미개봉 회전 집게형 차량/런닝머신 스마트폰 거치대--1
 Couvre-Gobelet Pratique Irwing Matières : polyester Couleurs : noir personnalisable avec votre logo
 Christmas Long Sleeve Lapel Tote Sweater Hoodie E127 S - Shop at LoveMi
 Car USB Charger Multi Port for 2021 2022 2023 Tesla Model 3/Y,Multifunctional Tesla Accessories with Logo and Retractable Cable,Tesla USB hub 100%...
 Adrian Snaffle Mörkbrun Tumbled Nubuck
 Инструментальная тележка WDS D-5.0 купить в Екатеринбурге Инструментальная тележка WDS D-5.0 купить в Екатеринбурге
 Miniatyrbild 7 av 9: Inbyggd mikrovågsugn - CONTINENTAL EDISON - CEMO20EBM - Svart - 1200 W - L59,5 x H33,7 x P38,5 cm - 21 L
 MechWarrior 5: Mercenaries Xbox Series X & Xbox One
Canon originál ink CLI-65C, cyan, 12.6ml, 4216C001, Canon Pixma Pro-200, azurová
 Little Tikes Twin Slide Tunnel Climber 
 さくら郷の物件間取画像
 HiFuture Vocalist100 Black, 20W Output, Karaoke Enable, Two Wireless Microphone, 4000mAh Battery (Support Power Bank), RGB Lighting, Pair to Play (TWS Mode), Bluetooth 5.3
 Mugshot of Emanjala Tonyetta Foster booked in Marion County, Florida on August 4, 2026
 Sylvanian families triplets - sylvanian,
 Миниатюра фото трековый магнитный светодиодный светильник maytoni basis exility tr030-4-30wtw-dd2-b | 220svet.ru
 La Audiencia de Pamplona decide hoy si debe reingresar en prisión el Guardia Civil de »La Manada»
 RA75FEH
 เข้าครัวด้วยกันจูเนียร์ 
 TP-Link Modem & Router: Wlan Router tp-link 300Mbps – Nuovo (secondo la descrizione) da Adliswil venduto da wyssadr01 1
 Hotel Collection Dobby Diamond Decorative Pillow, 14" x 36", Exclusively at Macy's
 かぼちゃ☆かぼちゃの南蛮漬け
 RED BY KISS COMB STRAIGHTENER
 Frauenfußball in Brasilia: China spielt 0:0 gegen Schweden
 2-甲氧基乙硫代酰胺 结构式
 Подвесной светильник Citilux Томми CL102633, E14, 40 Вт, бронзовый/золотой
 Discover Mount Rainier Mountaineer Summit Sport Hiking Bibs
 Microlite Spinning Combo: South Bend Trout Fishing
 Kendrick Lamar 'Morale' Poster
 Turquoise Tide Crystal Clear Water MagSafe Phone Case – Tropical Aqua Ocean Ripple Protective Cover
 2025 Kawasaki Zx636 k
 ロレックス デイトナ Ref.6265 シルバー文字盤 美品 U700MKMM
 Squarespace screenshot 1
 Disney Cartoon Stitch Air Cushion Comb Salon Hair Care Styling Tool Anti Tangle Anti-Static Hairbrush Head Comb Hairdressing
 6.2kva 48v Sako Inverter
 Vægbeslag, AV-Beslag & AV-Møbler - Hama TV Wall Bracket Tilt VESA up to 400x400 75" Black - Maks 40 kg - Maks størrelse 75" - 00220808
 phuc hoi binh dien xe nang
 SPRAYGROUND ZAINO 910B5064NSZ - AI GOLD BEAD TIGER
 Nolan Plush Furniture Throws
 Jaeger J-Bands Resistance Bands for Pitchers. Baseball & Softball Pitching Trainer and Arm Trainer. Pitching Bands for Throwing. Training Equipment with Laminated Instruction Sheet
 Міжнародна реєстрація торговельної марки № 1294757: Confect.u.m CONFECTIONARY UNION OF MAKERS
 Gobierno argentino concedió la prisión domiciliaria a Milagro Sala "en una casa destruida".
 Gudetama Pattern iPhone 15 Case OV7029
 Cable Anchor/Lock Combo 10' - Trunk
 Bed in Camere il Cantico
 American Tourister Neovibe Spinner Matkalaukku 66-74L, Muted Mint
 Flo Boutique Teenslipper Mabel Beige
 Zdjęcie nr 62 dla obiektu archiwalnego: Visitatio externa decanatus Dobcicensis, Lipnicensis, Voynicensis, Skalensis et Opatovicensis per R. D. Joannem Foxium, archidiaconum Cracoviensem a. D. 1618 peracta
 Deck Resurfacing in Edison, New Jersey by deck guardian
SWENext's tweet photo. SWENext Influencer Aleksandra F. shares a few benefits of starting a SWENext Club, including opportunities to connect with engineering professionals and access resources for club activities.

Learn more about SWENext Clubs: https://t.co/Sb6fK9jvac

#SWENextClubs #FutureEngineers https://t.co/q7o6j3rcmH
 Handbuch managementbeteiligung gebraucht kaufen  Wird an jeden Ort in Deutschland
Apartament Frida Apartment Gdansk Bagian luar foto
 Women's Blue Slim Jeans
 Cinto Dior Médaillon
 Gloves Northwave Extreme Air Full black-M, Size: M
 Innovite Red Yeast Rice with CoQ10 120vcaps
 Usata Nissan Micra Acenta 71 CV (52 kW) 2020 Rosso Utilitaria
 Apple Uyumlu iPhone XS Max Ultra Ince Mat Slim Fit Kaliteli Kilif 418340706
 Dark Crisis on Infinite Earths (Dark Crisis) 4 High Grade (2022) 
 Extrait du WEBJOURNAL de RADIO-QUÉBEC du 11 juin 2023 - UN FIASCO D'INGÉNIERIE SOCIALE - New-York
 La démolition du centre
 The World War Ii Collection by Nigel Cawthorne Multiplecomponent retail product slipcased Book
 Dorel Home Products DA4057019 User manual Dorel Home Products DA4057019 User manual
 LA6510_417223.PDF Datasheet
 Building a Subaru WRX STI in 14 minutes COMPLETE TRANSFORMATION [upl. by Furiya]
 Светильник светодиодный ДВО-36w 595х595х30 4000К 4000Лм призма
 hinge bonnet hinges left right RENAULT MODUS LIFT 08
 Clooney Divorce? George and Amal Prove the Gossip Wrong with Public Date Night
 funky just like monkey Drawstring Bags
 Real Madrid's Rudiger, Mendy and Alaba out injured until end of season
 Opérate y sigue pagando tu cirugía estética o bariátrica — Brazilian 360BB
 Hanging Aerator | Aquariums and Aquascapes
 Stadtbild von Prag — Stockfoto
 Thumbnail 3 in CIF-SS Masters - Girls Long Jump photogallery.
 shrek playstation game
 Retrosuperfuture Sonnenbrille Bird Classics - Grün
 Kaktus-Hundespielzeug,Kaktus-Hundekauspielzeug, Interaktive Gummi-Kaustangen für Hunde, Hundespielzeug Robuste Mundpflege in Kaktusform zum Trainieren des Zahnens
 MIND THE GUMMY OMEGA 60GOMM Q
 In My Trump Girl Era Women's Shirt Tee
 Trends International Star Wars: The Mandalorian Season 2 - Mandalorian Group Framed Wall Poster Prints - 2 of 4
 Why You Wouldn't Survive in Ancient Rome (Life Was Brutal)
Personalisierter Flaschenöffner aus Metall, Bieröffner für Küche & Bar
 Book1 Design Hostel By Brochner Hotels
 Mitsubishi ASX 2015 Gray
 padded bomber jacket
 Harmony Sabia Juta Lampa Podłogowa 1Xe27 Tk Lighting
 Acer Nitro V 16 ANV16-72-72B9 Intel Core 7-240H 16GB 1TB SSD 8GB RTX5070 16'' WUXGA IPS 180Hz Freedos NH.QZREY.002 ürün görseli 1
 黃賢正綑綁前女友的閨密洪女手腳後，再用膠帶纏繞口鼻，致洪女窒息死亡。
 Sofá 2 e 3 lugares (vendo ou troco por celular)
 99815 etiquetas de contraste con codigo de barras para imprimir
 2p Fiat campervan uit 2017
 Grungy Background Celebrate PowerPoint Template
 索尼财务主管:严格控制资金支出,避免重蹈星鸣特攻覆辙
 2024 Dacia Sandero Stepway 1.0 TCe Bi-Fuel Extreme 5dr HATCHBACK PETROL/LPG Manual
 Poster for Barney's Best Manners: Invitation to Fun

● ● ●

→ **Task to complete**
Retype the records above, but only those lines that fall between the line containing "American Tourister Neovibe" and the line containing "Zdjęcie nr 62", with both of those lines included, exactly as written.

→ **Response**
 American Tourister Neovibe Spinner Matkalaukku 66-74L, Muted Mint
 Flo Boutique Teenslipper Mabel Beige
 Zdjęcie nr 62 dla obiektu archiwalnego: Visitatio externa decanatus Dobcicensis, Lipnicensis, Voynicensis, Skalensis et Opatovicensis per R. D. Joannem Foxium, archidiaconum Cracoviensem a. D. 1618 peracta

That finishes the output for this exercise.